I got my blood test results back today and learned that I'm quite deficient in vitamin D. So I did a bit of online research to see what the side effects of D defiency are. You, my triathlete readers, should all know about this one!
A bit of back story: I've been struggling with muscle strength lately. Actually I've seen weakness over the past couple years, and it's gotten rather severe in the past few months. I'd compain to my coach that my muscles were always tired, I couldn't hit the numbers I should be able to hit, and I was even having trouble walking up the stairs to my apartment. I remember biking in Texas 8 years ago and gaining a lot of speed and pretty muscular quads that were too big to pack into my jeans. I haven't been able to replicate that while training for triathlon in the last two years, and I'd chalked it up to getting older and to possible overtraining.

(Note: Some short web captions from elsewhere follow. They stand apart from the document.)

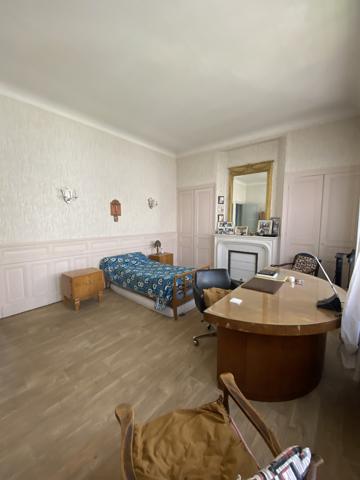 Maison 8 pièces - 232 m²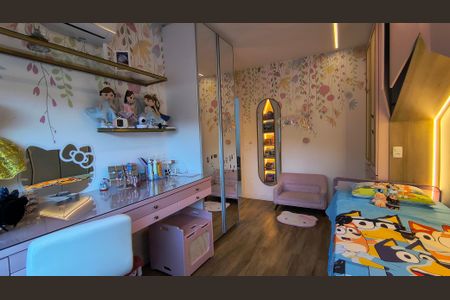 Casa de condomínio à venda com 415m², 3 quartos e 3 vagasSuíte 3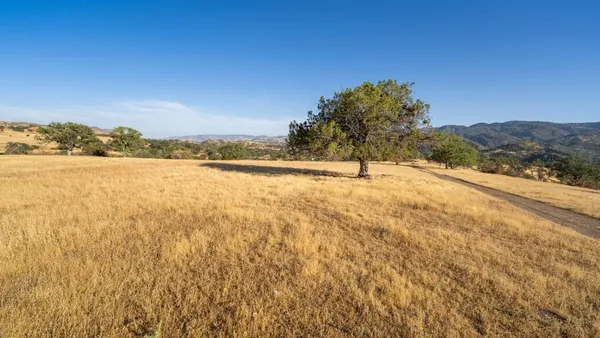 $2,843,450 | 47069 Crump Lane, Coalinga, CA 93210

So back to Vitamin D, which is actually a steroid hormone: while it's most commonly known for bone density and strength (stress fractures, anyone?) it's also linked to muscle strength and specifically, fast twitch muscle fiber size. A recent study of 99 post-menarchal adolescent girls in England found a positive relationship between serum Vitamin D level and jump height, jump velocity and power. Russians and Germans experimented with UV light to boost the athletic performance of their Olympic athletes; the radiated runners improved their times by 7%. source
The optimal range for vitamin D is between 50 - 70 nanograms/ml, which is common among those who live in sunny Southern climes. 30 - 50 is considered "at risk" by the CDC. Mine is only 24... I'm sure a significant drop from when I lived in Texas. Now that I'm in SF, I'm not in the sun much. Unfortunately our diets, no matter how good, can't make up for the lack of sunshine.
And seasonality counts. Studies show a drop-off in athletic performance in the off-season. While there are a number of factors for this, a drop in vitamin D is thought to play a large role. Take a look at this chart from a fascinating article, Athletes Who Take Vitamin D Perform Better, that maps the amount of D you'll get from the sun by month:
Now, "compare the curve above with the one in the graph below, which is from a German study done in the fifties, where the researchers got seven test subjects to train their lower arms. The graph shows their progression, which was highest when the concentration of 25-hydroxy-vitamin D in the blood was also at its highest." (Great justification for supplements in the off season!)
Even more important than performance is basic health. Vitamin D deficiency is linked to inflamatory bowel disease and gluten intolerance, along with low immunity and a host of other diseases like MS and bowel and breast cancers. It's not causative to IBD, but my hunch is that I had a predisposition to IBD and gluten intolerance my entire life yet living in the sun in Texas for decades kept the symptoms at bay. 6 years with minimal sun and no vitamin D supplementation in San Francisco, and my levels got low enough to become symptomatic.
My other symptoms of D deficiency include mood swings, fatigue, and depressed immune system. I'm sure these will go away once I get my levels back to normal, and in a couple months my muscle strength will return. The fatigue and weakness has been my biggest challenge for even thinking about training again, and I'm thrilled that it's such an easy fix. I'm sure my IBD won't just vanish, but perhaps it will go into remission and stay there with less struggle and diet restrictions.
About 1/3 of Americans are in the "at risk" category or below. You might be more likely to be at risk if you're in climes like the Pacific Northwest where we don't get as much sun. But even if you're in normal ranges, you may benefit from a vitamin D supplement. I'm not sure if you'll see such obvious symptoms unless you're in the 8% like me who are truly deficient, but who knows, it may be your magic performance boost for training.